__EXTRACTED DATA__:
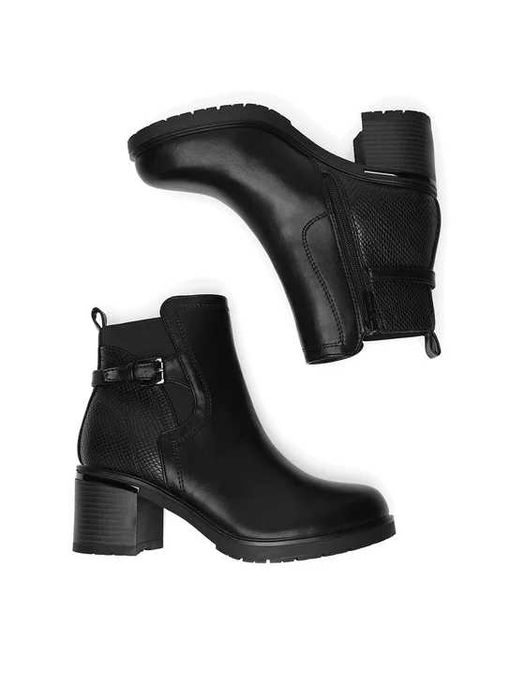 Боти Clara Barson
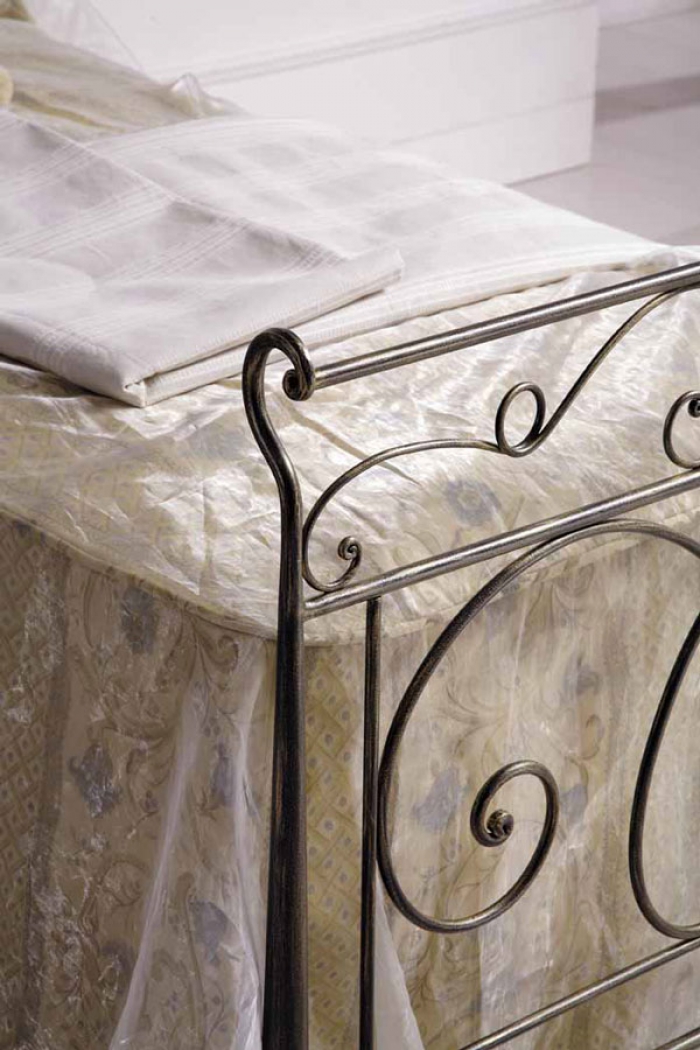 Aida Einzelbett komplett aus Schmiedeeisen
==
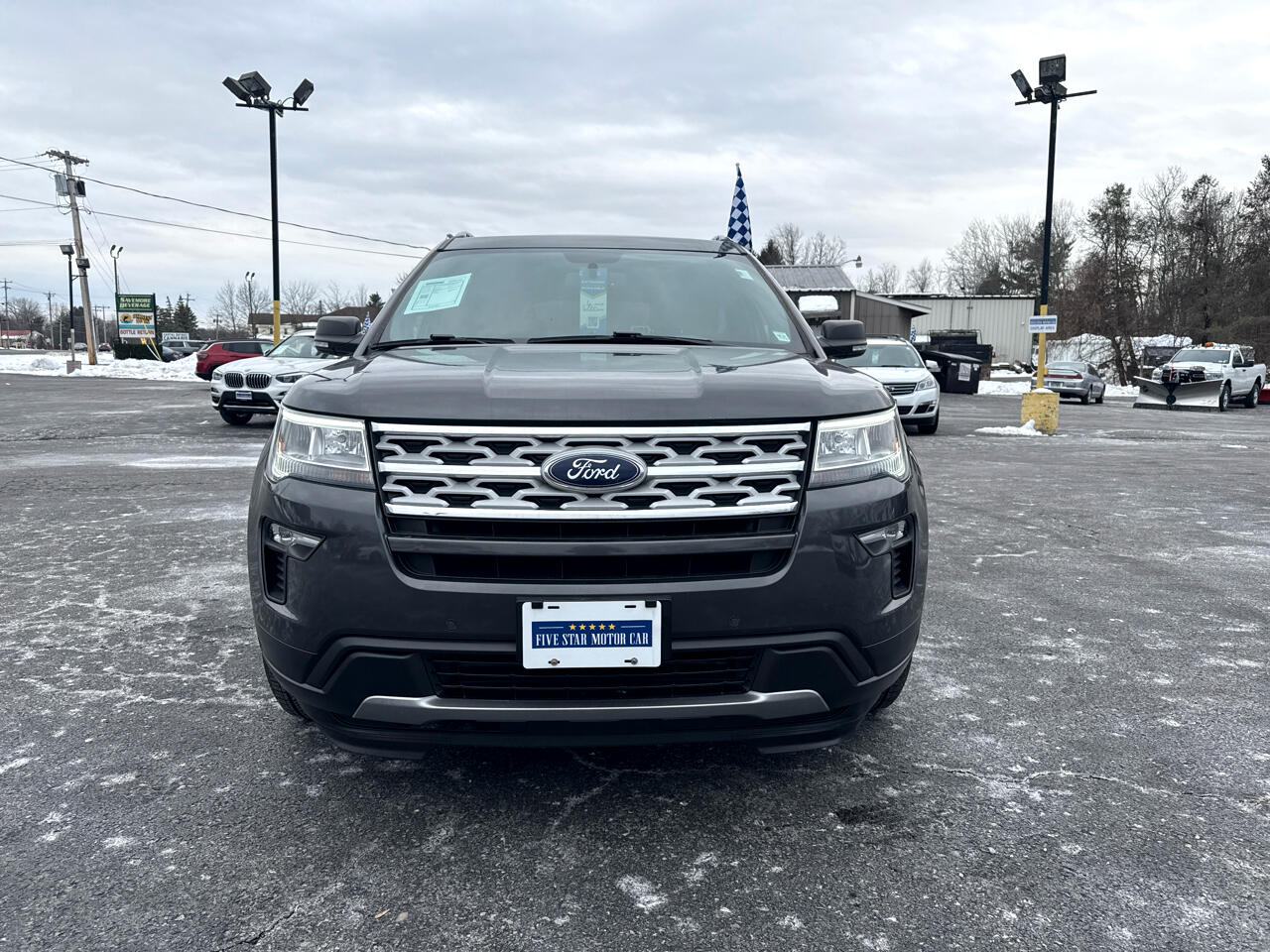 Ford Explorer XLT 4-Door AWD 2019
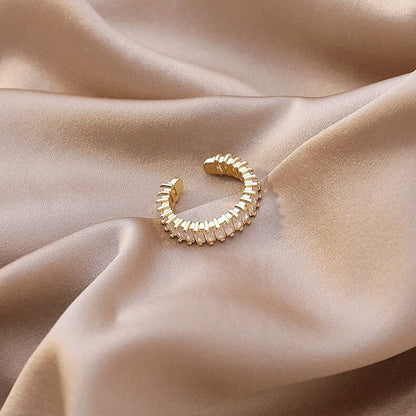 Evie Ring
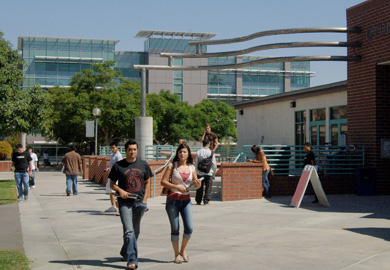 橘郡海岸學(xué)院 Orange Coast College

__EXERCISE__: For this task, return exactly the stretch of the listing above from the line with "Ford Explorer XLT 4-Door AWD 2019" through the line with "橘郡海岸學(xué)院 Orange Coast College", inclusive and without pictures.

__EXPECTED ANSWER__:
 Ford Explorer XLT 4-Door AWD 2019
 Evie Ring
 橘郡海岸學(xué)院 Orange Coast College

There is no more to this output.